= A Requiem for Homo Sapiens =

Trilogy of science fiction novels by David Zindell

A Requiem for Homo Sapiens is a trilogy of science fiction novels by American writer David Zindell, made up of The Broken God (1992), The Wild (1995), and War in Heaven (1998). The trilogy is a sequel to the standalone novel Neverness (1988).

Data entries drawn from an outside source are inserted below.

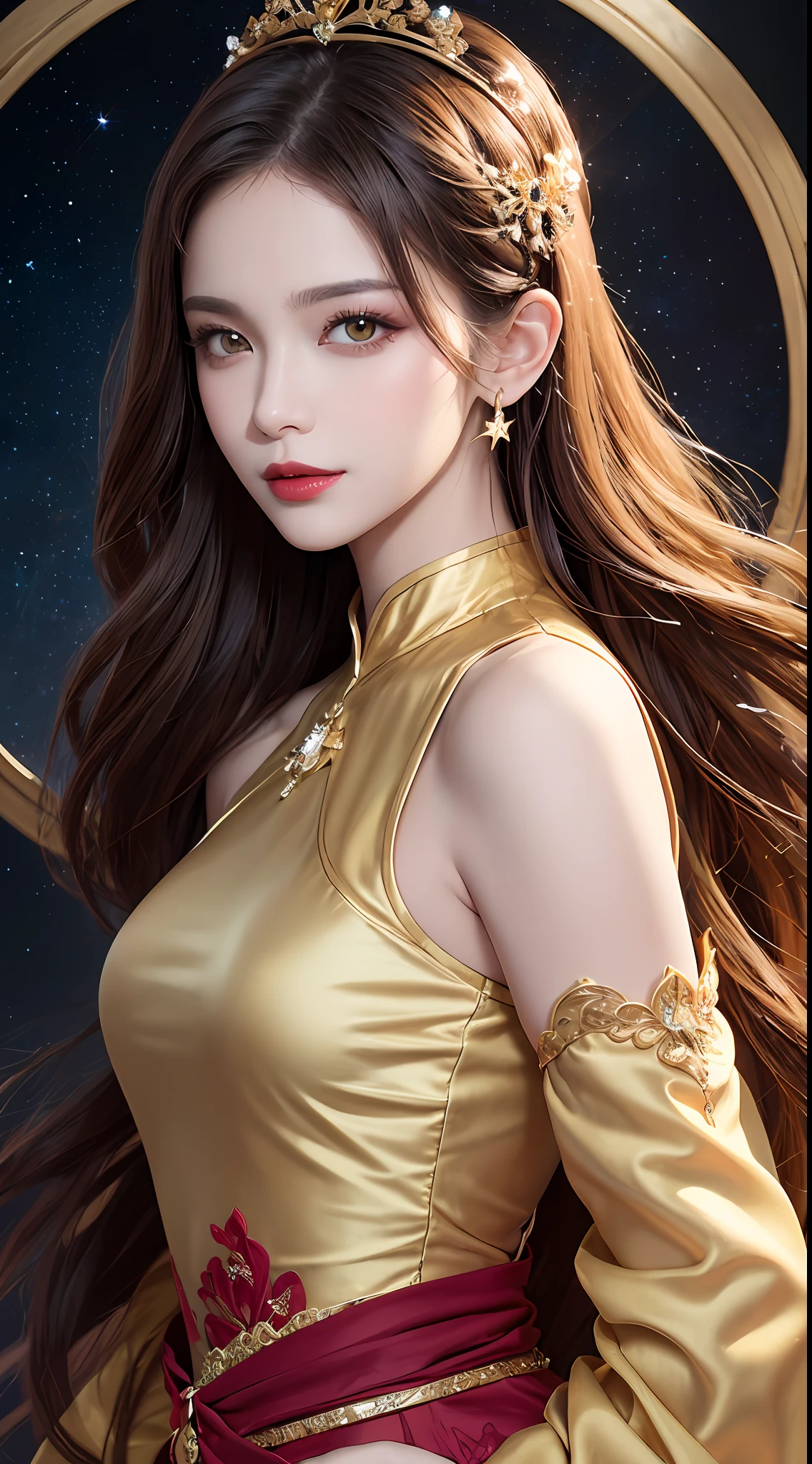 1 27-year-old girl, 1 zodiac goddess from the future, goddess of the pink and purple 12 zodiacs, the goddess of the zodiac in a yellow ao dai, a 12 zodiac ao dai with many black lace detail, mythology Goddess of the 12 zodiacs from the future, zodiac ♏, luxurious glittering zodiac style, dark and mysterious version, zodiac crown, lipstick lips red, thin and beautiful lips, Smile makes viewers fall in love, characters made by karol bak and pino daeni, intricate detail, detailed background, extremely detailed, light magic, a woman, clear face, look at the face of goddess zodialook at the zodiac goddess face, hair long with bangs, beautiful face in detail and well-proportioned eyes, (transparent yellow eyes: 1.8), big round eyes and very beautiful and detailed makeup, foresight, silk dress, mysterious makeup, double bangs and dyed light blonde, uper body, zodiac goddess uper body, arms hanging loosely, Realistic and vivid photo, (stars make up the zodiac: 1.7), (sky background zodiac and fictitious space and time portal: 1.8), fiction art, RAW photo, hanfu picture, best photo, best photo quality, 8k quality, 8k ultra, super realistic, real photo most economical, artistic portrait of goddess zodiac,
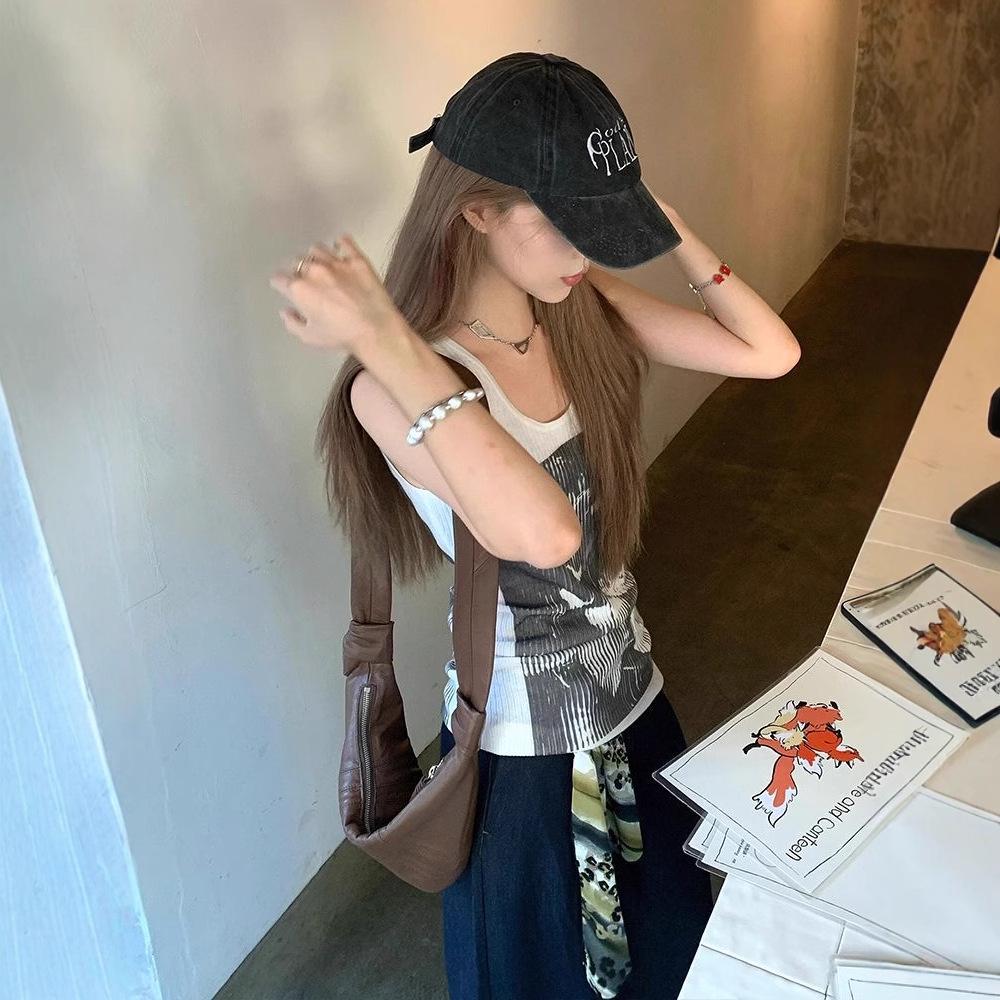 

American Retro White Print Women s Sling Tank Top - Slimming Sleeveless Summer Wear XL сірий колір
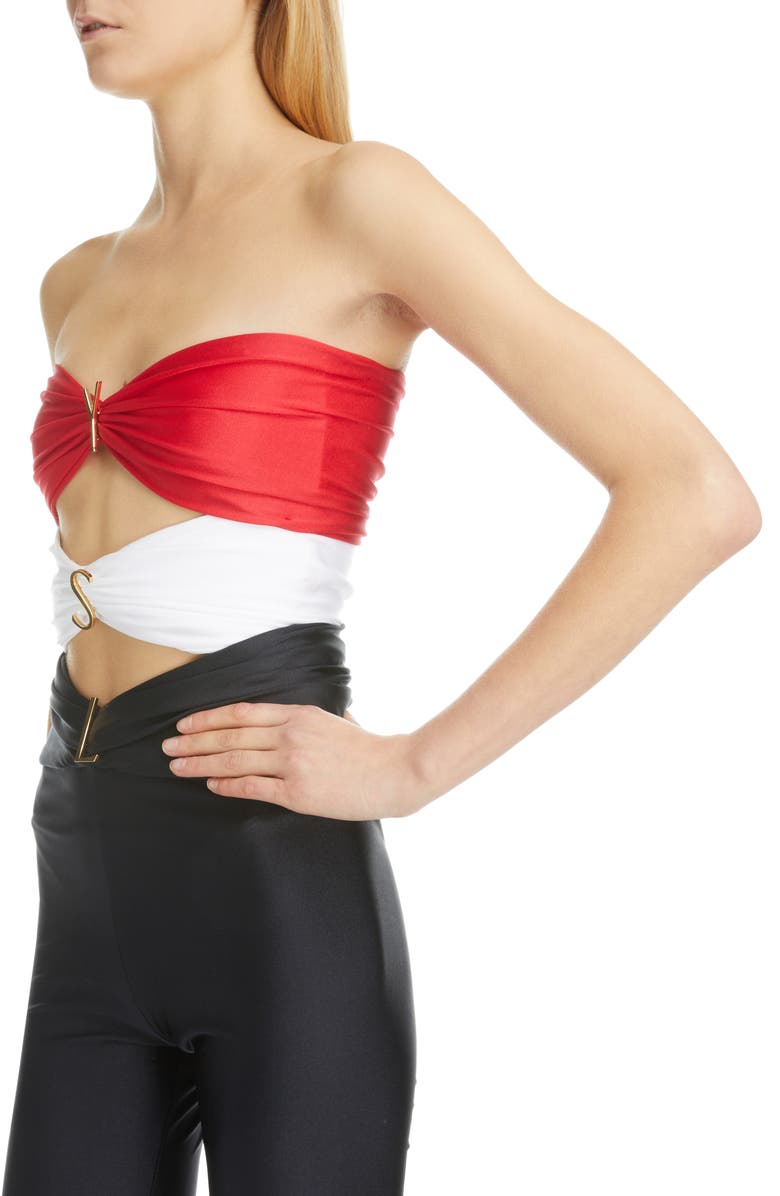 Yves Saint Laurent YSL Cutout Strapless Catsuit, Alternate, color,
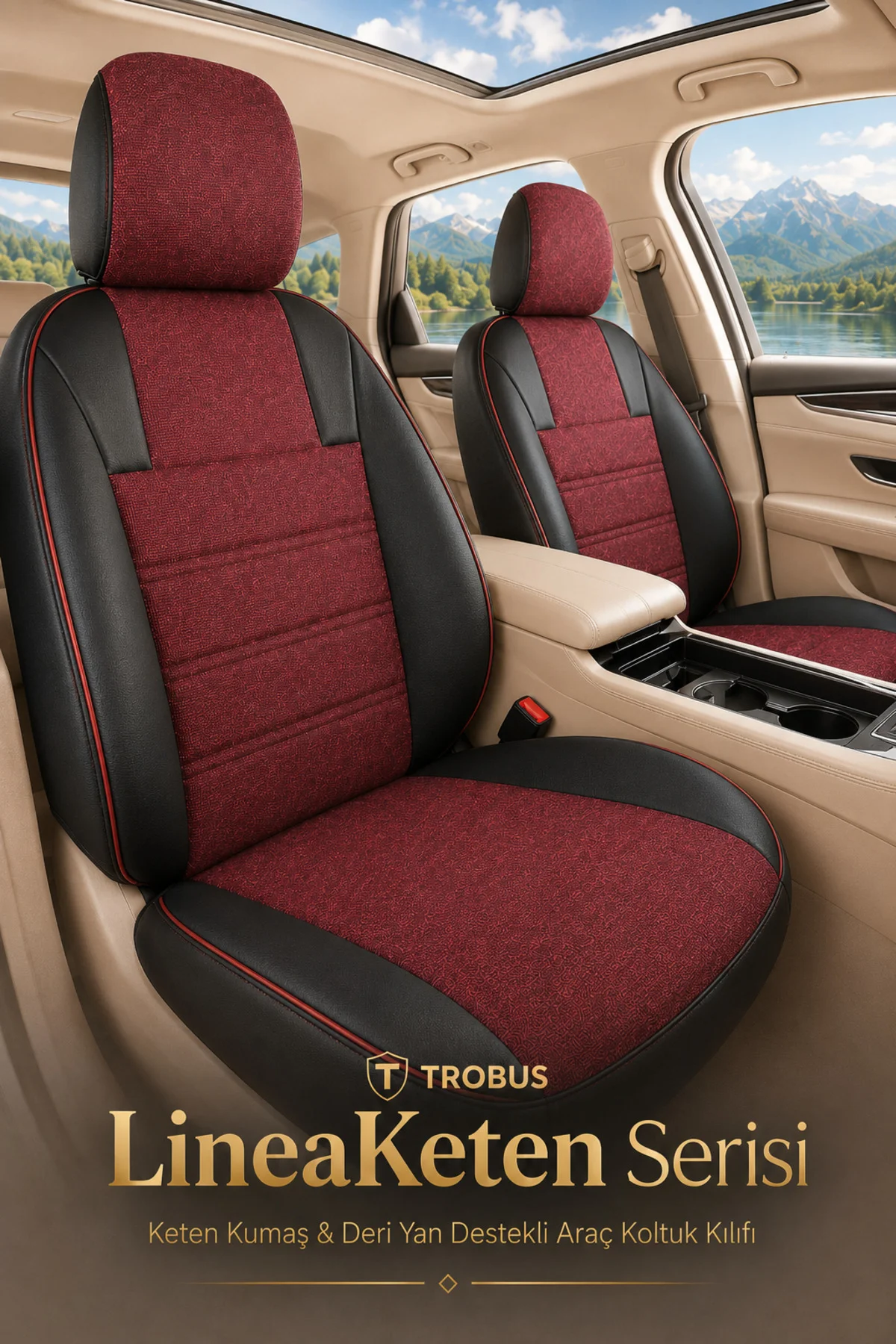 Chevrolet Captiva 2011-2014 Uyumlu LineaKeten Serisi Ortopedik Bordo Kırmızı Koltuk Kılıfı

The series has been described as containing "some of the most striking writing, vivid spectacles, memorable characters, and insightful presentations of philosophy and religion seen in SF for many a year." David Langford commented on similarities between the trilogy's hero Danlo and Paul Atreides, protagonist of Frank Herbert's Dune.

==Books==
===The Broken God===
Set 10 years after the events of Neverness, and narrated by its protagonist, Mallory Ringess, this book tells the story of the early life of his son, Danlo. After Danlo's tribe, the Devaki, is destroyed by a plague, he undertakes a perilous journey to Neverness City, where he is taken in and instructed by an alien Fravashi named "Old Father", joins the Academy, and becomes a pilot like his father. A new religion forms around the various tales told about Mallory Ringess, and Danlo comes into conflict with his former friend, Hanuman li Tosh, who assumes control of the "Way of Ringess" for his own purposes.

===The Wild===
Danlo's story continues as he explores the galaxy on a dual quest: first, to locate the home of the Architects of the Universal Cybernetic Church and persuade them to stop the Program of Increase that has resulted in the continual explosions of stars in the Vild (or Wild); and second, to find the cure for the engineered plague that killed the Devaki and will kill the rest of the primitive Alaloi back on Neverness. Like his father, Danlo penetrates the Solid State Entity and interacts with her. Based on her information, he seeks out a remnant of the great cybernetic god Ede. With Ede's help, Danlo at last reaches the distant planet of Tannahill, home of the Architects. His coming sparks a bloody war between various factions. The defeated faction escapes with a star-killer weapon, headed for Neverness.

===War in Heaven===
Danlo rejoins the pilots who were commissioned to find Tannahill and discovers that Hanuman li Tosh has taken dictatorial control over Neverness, and has begun construction of his "Universal Computer". Fearing that this will excite the anger of the galaxy's other cybernetic "gods", the rest of the pilots mobilize the Civilized Worlds in a great war. Danlo returns alone to Neverness and, after a series of adventures, succeeds in toppling Hanuman, restoring order, and pointing the way for the rest of humanity to counteract the power of the "gods" by realizing its full potential.